Patrick Hamill, actually, borrowed that problem from Goldstein (see- $$3^{rd}$$ ed. Chapter 9, derivations 1), and unfortunately, misphrased it. So I'm just quoting the problem from Goldstein, and my interpretation of it, and its solution for your part of that problem with a personal advice.

One of the attempts at combining the two sets of Hamilton’s equations into one tries to take q and p as forming a complex quantity. Show directly from Hamilton’s equations of motion that for a system of one degree of freedom the transformation $$Q=q+ip,$$ $$P=Q^*$$ is not canonical if the Hamiltonian is left unaltered. Can you find another set of coordinates $$Q'$$, $$P'$$ that are related to $$Q$$,$$P$$ by a change of scale only, are they canonical?

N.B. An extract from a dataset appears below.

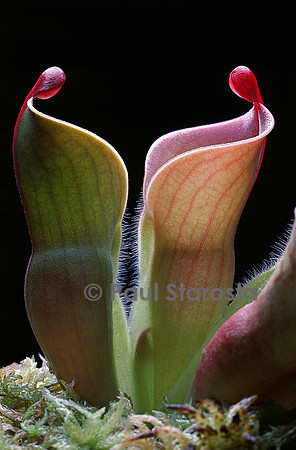 Heliamphora minor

My interpretation of the unaltered Hamiltonian: Given a Hamiltonian, and if you perform this transformation the form of the Hamiltonian will remain the same that is $$H(Q,P)=H(q,p)$$. As the transformation has no time dependent term, so no PD of generating function wrt time is taken into account.
Now applying inverse transformation $$q={1 \over 2}(Q+P),$$ $$p={1 \over 2i}(Q-P)$$ And we expect $$\dot Q= \dot q +i\dot p.$$ Now from Hamilton's equation of motion $$\dot Q= {\partial H \over \partial P}={\partial H \over \partial q}{\partial q \over \partial P}+{\partial H \over \partial p}{\partial p \over \partial P}={- \dot p . {1 \over 2}}+ {{-1 \over 2i} \dot q}={{-1 \over 2} (\dot p-i \dot q)}$$ which is obviously not what we expected and this proves the noncanonicity. The condition part of your question plays its role when we consider the second part of Goldstein's problem whose solution is given in Homer Reed.

Please don't use Hamill for self study. It's full of error. If there's anything useful in that book, that's its bibliography. Choose a mainstream textbook mentioned there.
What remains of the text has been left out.